++++ DATA TO EXAMINE

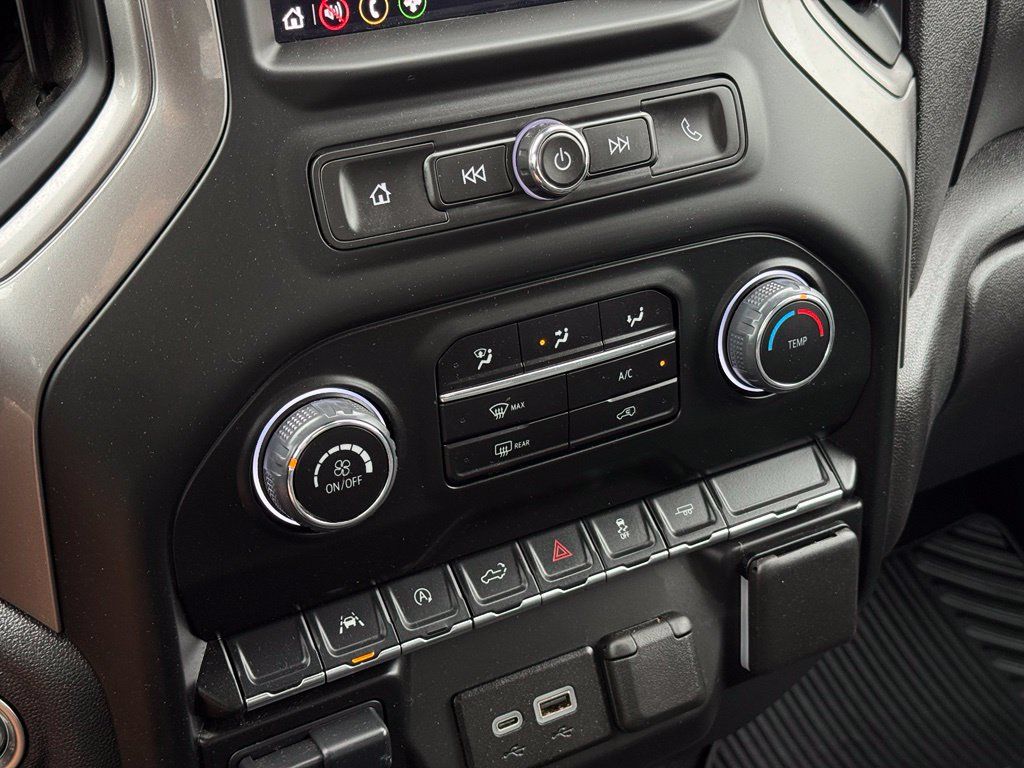 Used 2024 Chevrolet Silverado 1500 Custom RWD image 31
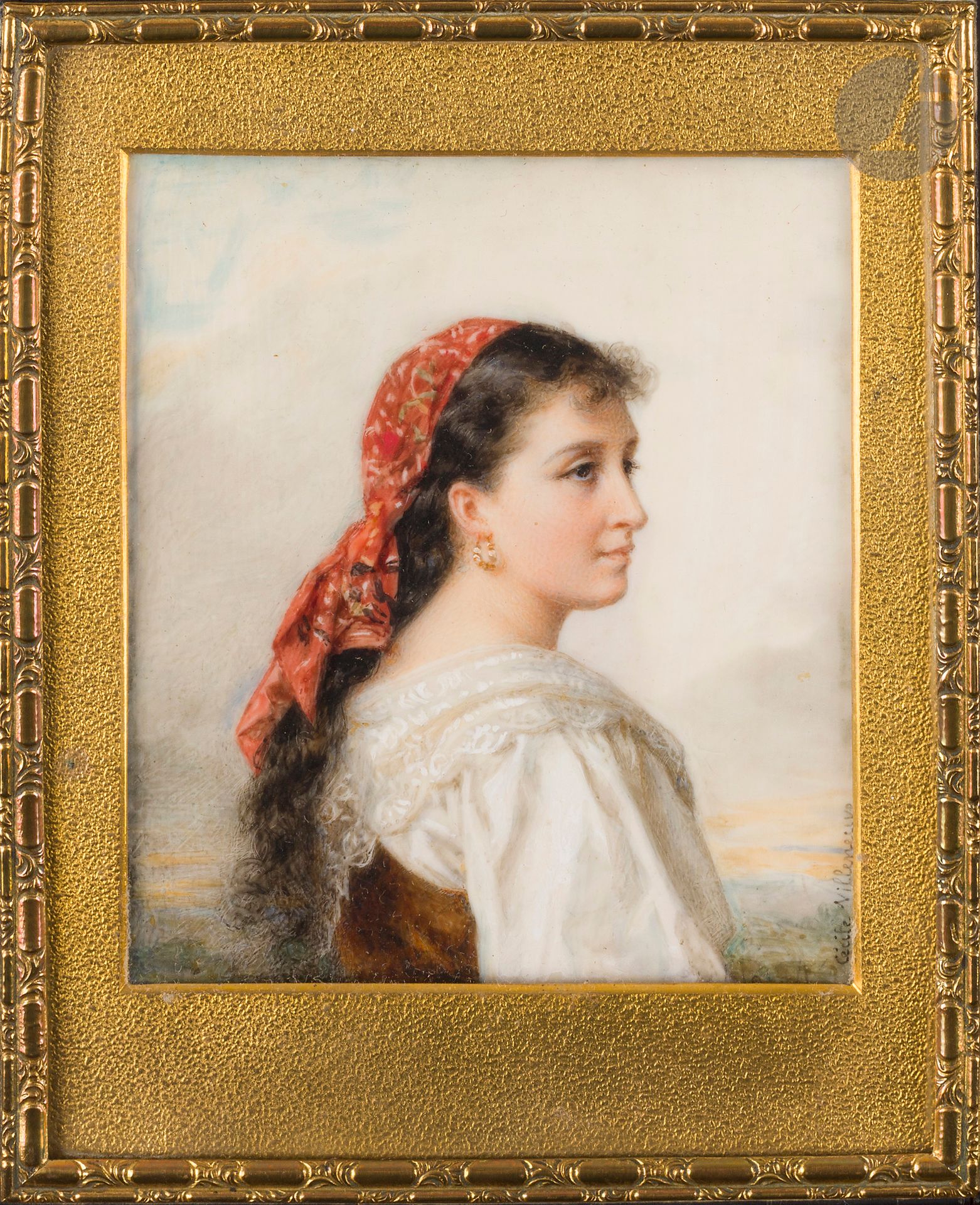 
Cécile VILLENEUVE née Colombet (1824-1901)



Femme à mi-corps de profil à droite dans un paysage, coiffée d’un foulard rouge de gitane, une chemise blanche au large col de dentelle sur un bustier brun.



Miniature sur ivoire* 



Signée à droite : Cécile Villeneuve 



Titrée et datée au revers : Etude / Janvier 1890 



Dim. : à vue rect. 8,5 x 7 cm, sous passe-partout, 



Dans un large cadre en bois de placage (fendillements au cadre). 



Poids brut : 215,2 gr





Provenance : 



Conservée dans la descendance de l’artiste



Conformément à la règlementation entrée en vigueur le 19 janvier 2022, le commerce intra-Union européenne de l’ivoire est soumis à l’obtention d’un certificat CIC. La réexportation hors Union européenne est interdite. 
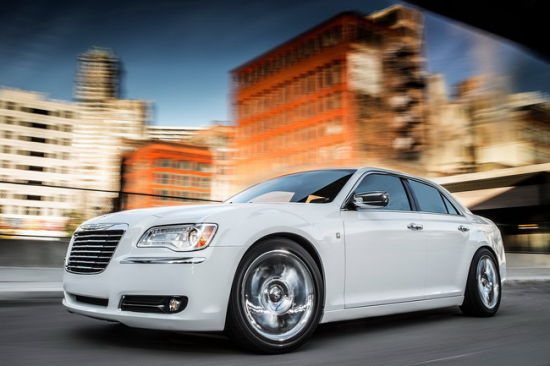 克莱斯勒 300C 采用了无电磁辐射及防辐射的顶级硅晶玻璃，而且内饰全部采用可回收再生材料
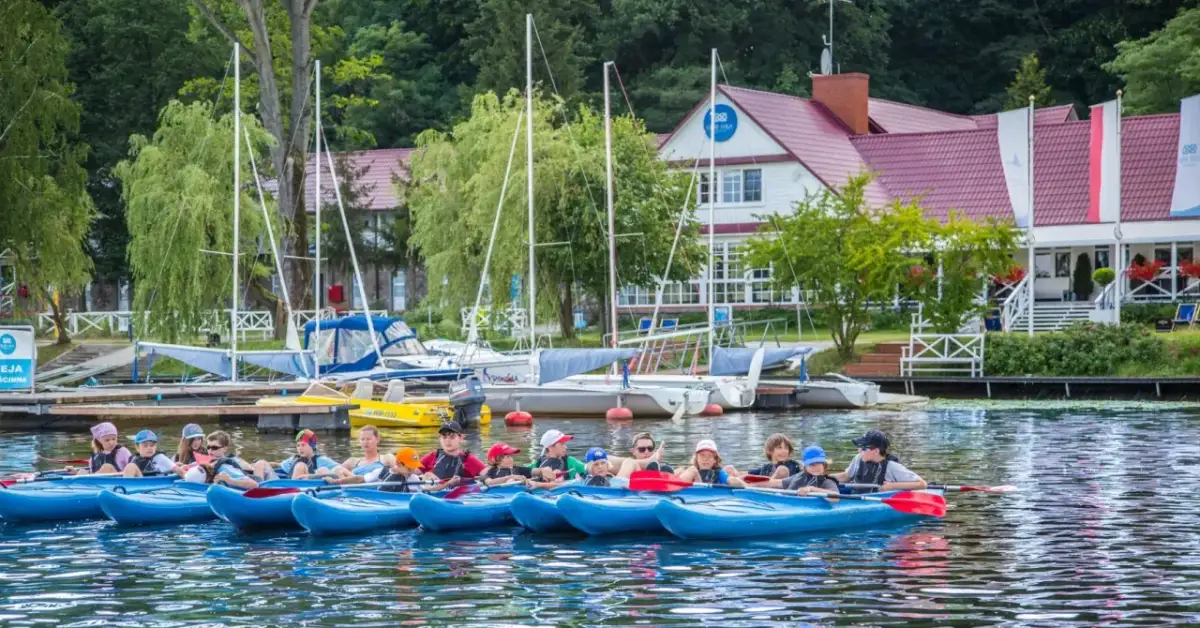 Zalew Zegrzyński: Atrakcje, plaże, sport i relaks. Co musisz wiedzieć?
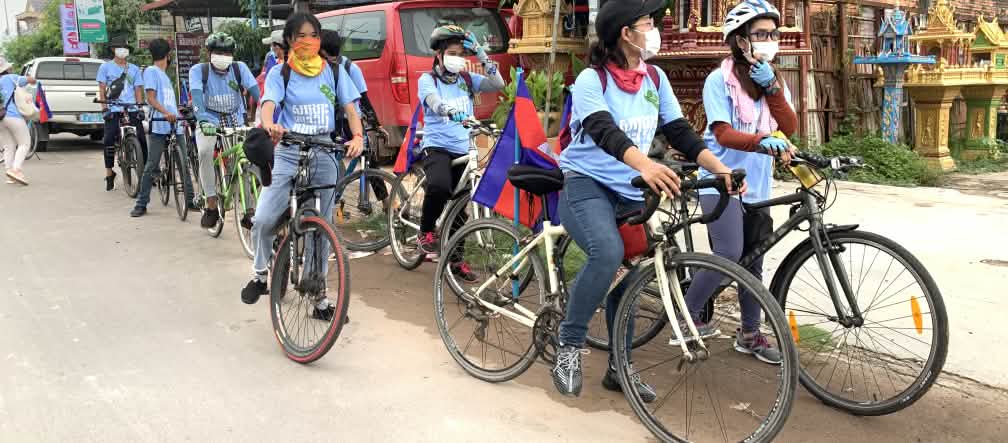 Met een fietsdemonstratie hebben de activisten van Mother Nature gewezen op de bedreiging van Koh Kong 8 jonge activisten demonstreren op hun fietsen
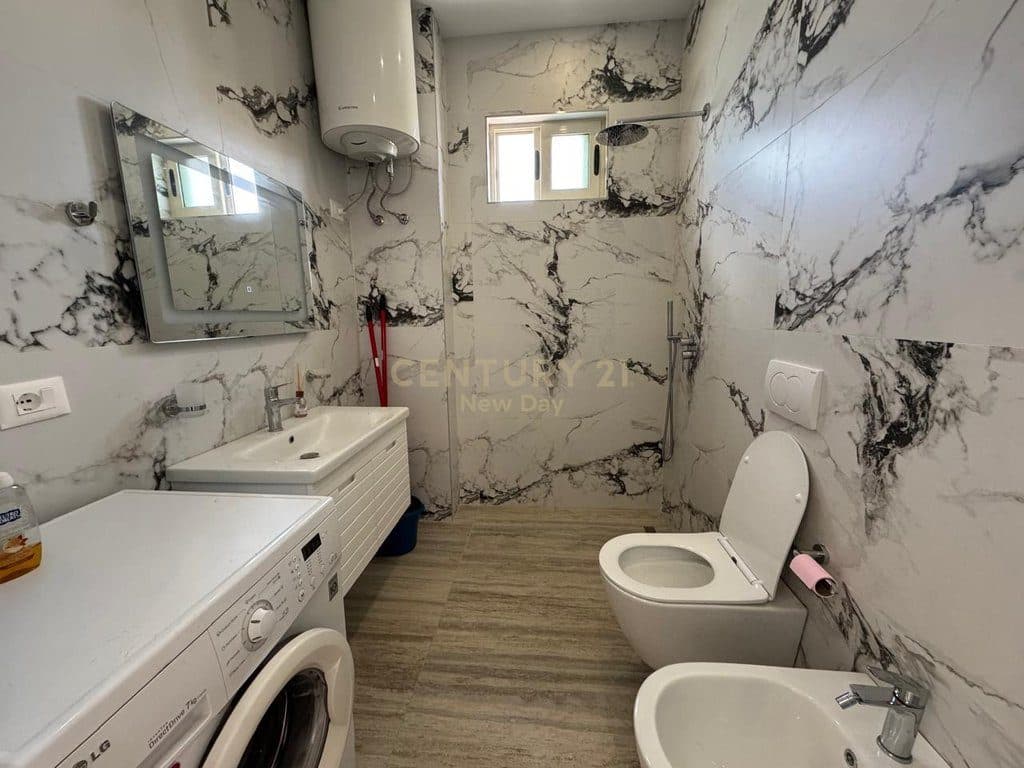 Apartament 1+1 Në Shitje në Plazh, Durrës - Çmimi sipas kërkesës | 59 m²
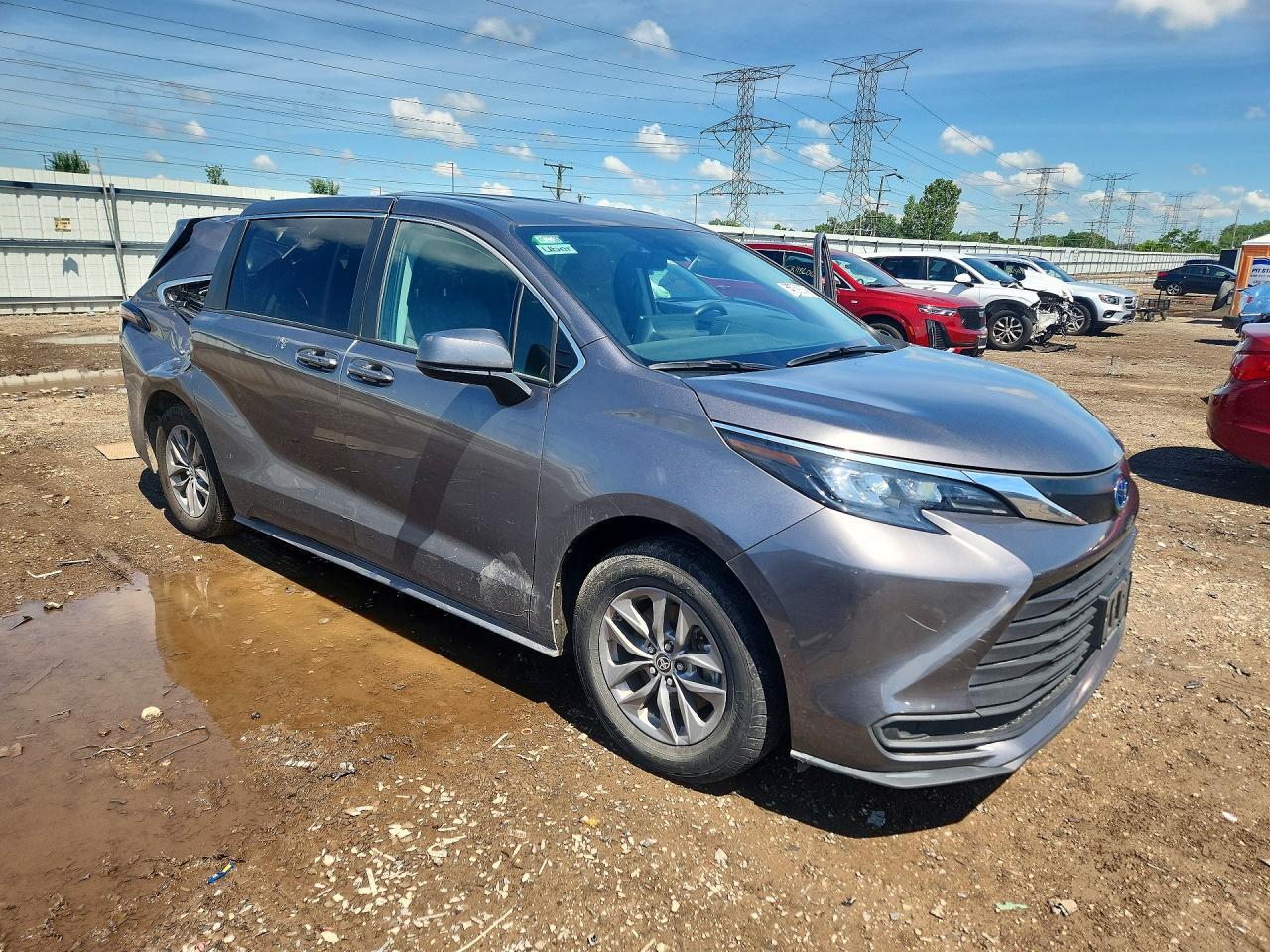 2024 Toyota Sienna Le - Фото 4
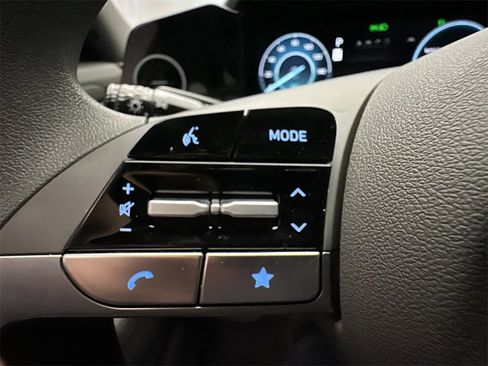 Certified 2024 Hyundai Elantra Blue image 16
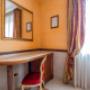 Guest room with double bed(s)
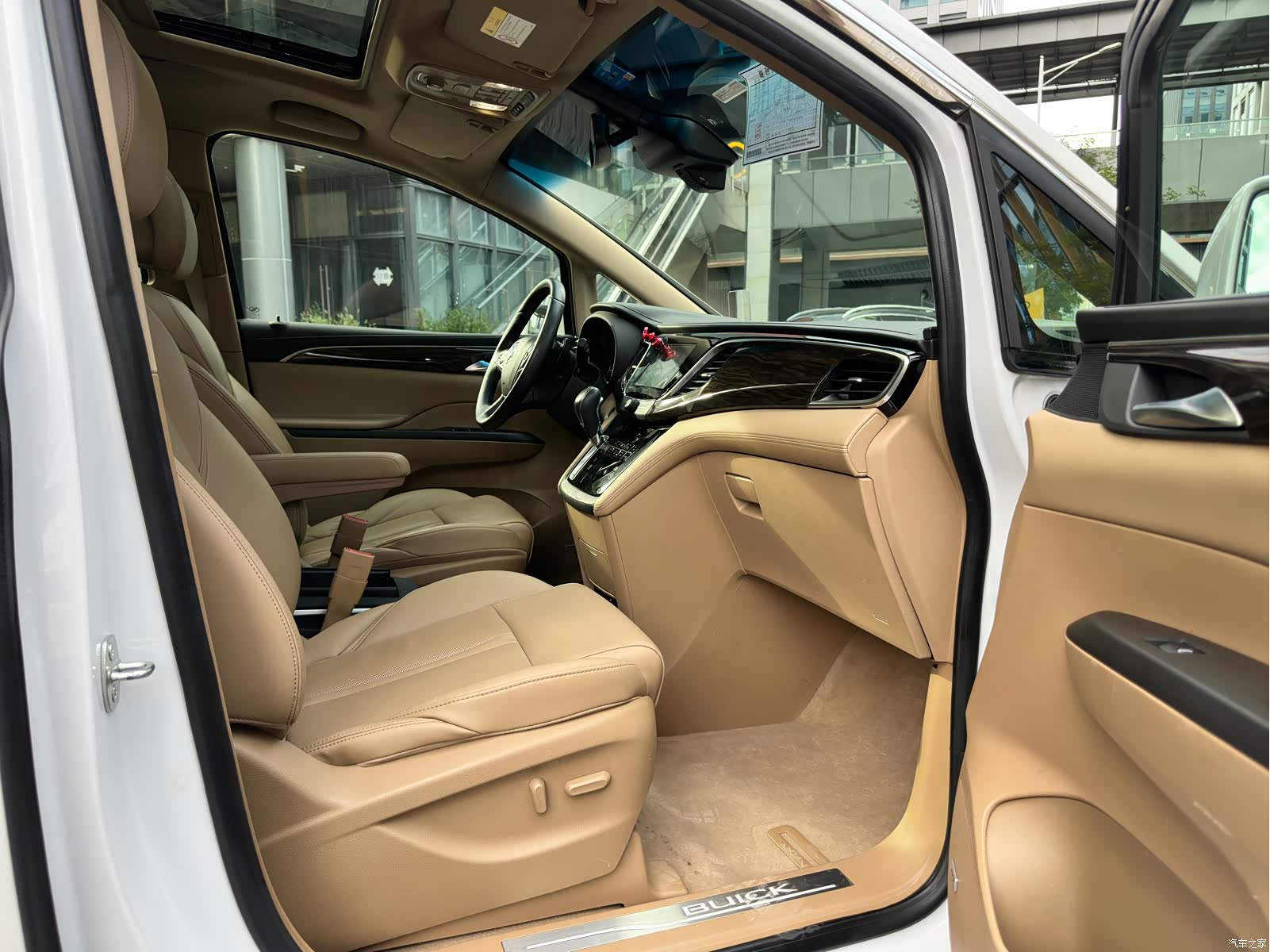 Buick GL8, 2019 11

++++++++

## TASK
Take the entries above and set them down exactly, minus the pictures.

## SOLUTION TO THIS TASK
 Used 2024 Chevrolet Silverado 1500 Custom RWD image 31
Cécile VILLENEUVE née Colombet (1824-1901)



Femme à mi-corps de profil à droite dans un paysage, coiffée d’un foulard rouge de gitane, une chemise blanche au large col de dentelle sur un bustier brun.



Miniature sur ivoire* 



Signée à droite : Cécile Villeneuve 



Titrée et datée au revers : Etude / Janvier 1890 



Dim. : à vue rect. 8,5 x 7 cm, sous passe-partout, 



Dans un large cadre en bois de placage (fendillements au cadre). 



Poids brut : 215,2 gr





Provenance : 



Conservée dans la descendance de l’artiste



Conformément à la règlementation entrée en vigueur le 19 janvier 2022, le commerce intra-Union européenne de l’ivoire est soumis à l’obtention d’un certificat CIC. La réexportation hors Union européenne est interdite. 
 克莱斯勒 300C 采用了无电磁辐射及防辐射的顶级硅晶玻璃，而且内饰全部采用可回收再生材料
 Zalew Zegrzyński: Atrakcje, plaże, sport i relaks. Co musisz wiedzieć?
 Met een fietsdemonstratie hebben de activisten van Mother Nature gewezen op de bedreiging van Koh Kong 8 jonge activisten demonstreren op hun fietsen
 Apartament 1+1 Në Shitje në Plazh, Durrës - Çmimi sipas kërkesës | 59 m²
 2024 Toyota Sienna Le - Фото 4
 Certified 2024 Hyundai Elantra Blue image 16
 Guest room with double bed(s)
 Buick GL8, 2019 11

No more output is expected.